Tuberculosis (TB) infection caused by Mycobacterium tuberculosis (MTB) infection poses a significant global health challenge, not only to the patients severely affected, but also to the wider international community. Diagnostic criteria for TB are based on a host of scoring algorithms and tests, e.g., symptom presentation, chest radiography, tuberculin skin test, etc. While these have provided some relief, they are not without significant limitations, thus, driving the need for more sensitive, rapid and effective diagnostic means.

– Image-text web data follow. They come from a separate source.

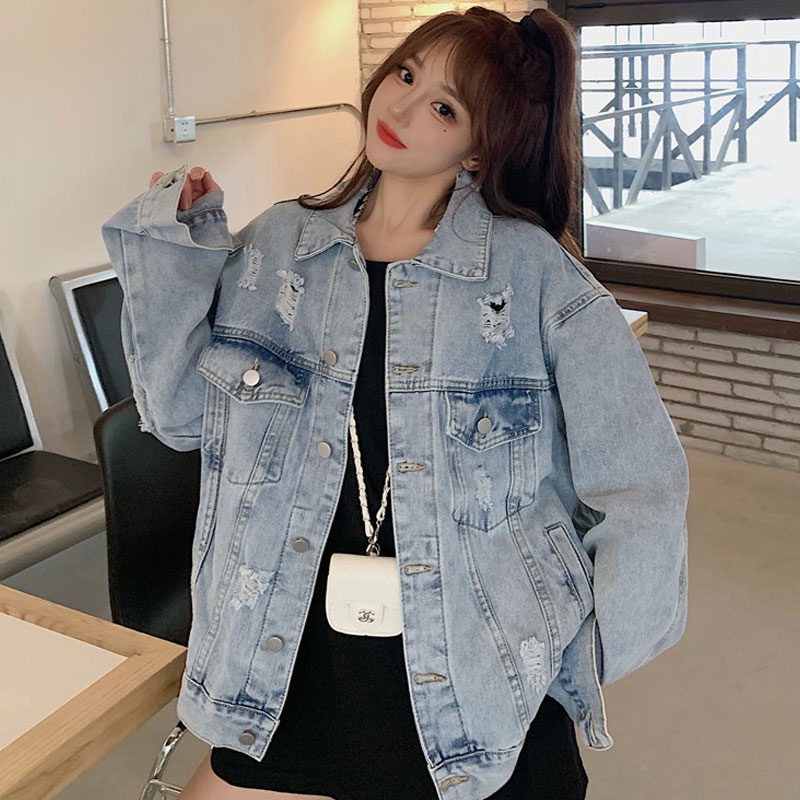 Happy-store ❤️ Áo Khoác Jeans Loang Phong Cách Unisex Cho Cả Nam Và Nữ Vải Jeans Xuất Dày Dặn happy store8668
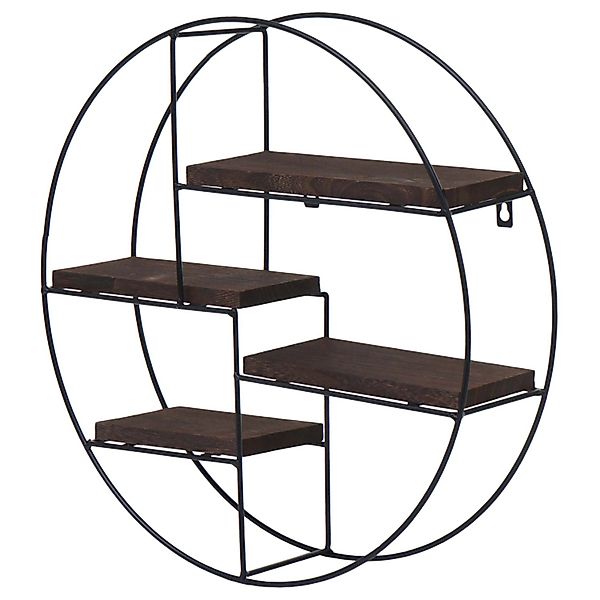 BERLINLODGE Wandregal Rund HxBxT 45x45x11cm 4 Regalböden Metall Massiv-Holz günstig online kaufen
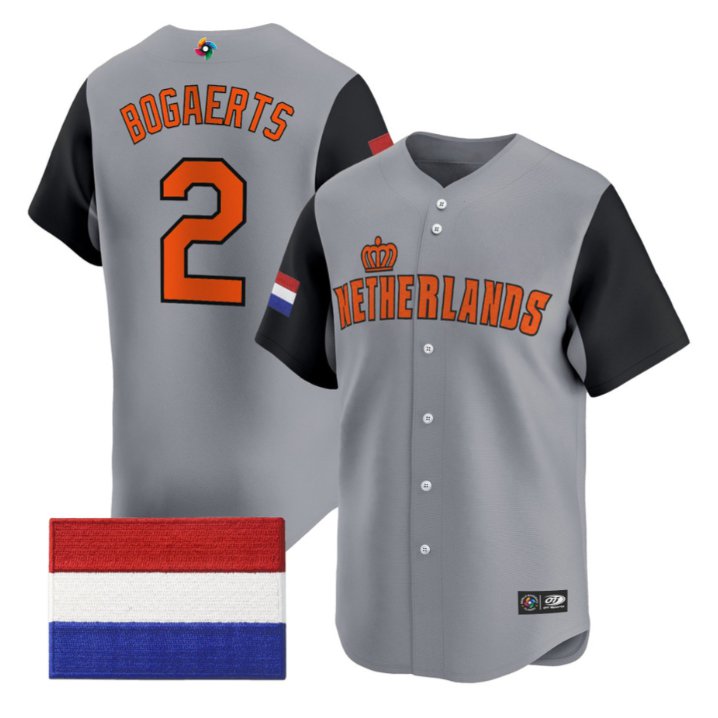 Xander Bogaerts Jersey #2 Team Netherlands 2026 World Baseball Stitched Gray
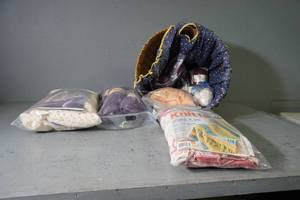 lot 147 image: Bag of pruple yarn, Bucilla sweater, Knitting afgan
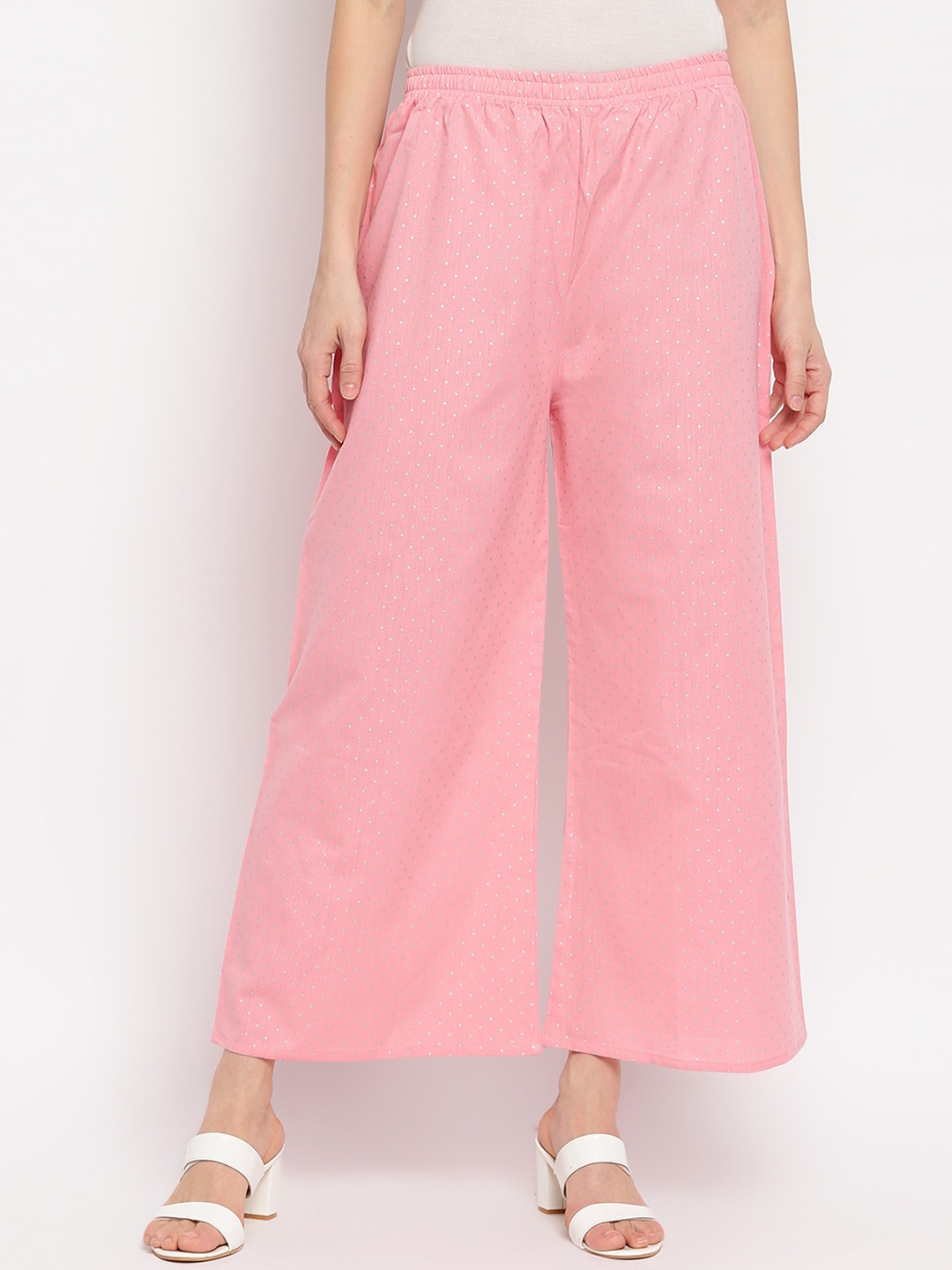 

Aawari Women Pink & Silver-Coloured Printed Flared Palazzos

In order to address the current limitations in clinical management of pediatric TB, we have developed a rapid and quantitative diagnostic and monitoring platform for active TB wherein porous silicon nanodisks (referred to as “pSiND”), loaded with target biomarkers, are used for identification of disease signatures by mass spectrometry (MS). Using this new biomarkers detection modality, pSiND-MS, we could detect and quantify two TB-specific blood-born biomarkers (CFP-10 and ESAT-6) at extremely low concentrations (1.0 fmol), which serve as signs of bacterial infection in advance of physiological manifestations observable by conventional protocols. Characteristics of ESAT-6 and CFP-10, i.e., antigens secreted by actively proliferating MTB, make them ideal biomarkers for active TB diagnosis and candidates for TB vaccine development. We used this approach to distinguish adult patients with active TB from those with latent tuberculosis infection, or healthy volunteers. Also, based on multiplex detection and quantification by pSiND-MS, we differentiated pediatric TB-infected patients (n=36) from non-TB children (n=35) according to the peptidic patterns of CFP-10 and ESAT-6. Our categorization of patient samples matched clinical designations at 100% specificity and 94.4% sensitivity. Just as important, we could render accurate diagnoses within one hour of sample-to-answer processing rather than wait the typical 4-6 weeks. The pSiND-MS technology platform has an added advantage in that high-throughput and accurate mass spectrometry has become a virtually essential technology for clinical diagnosis in many parts of the world.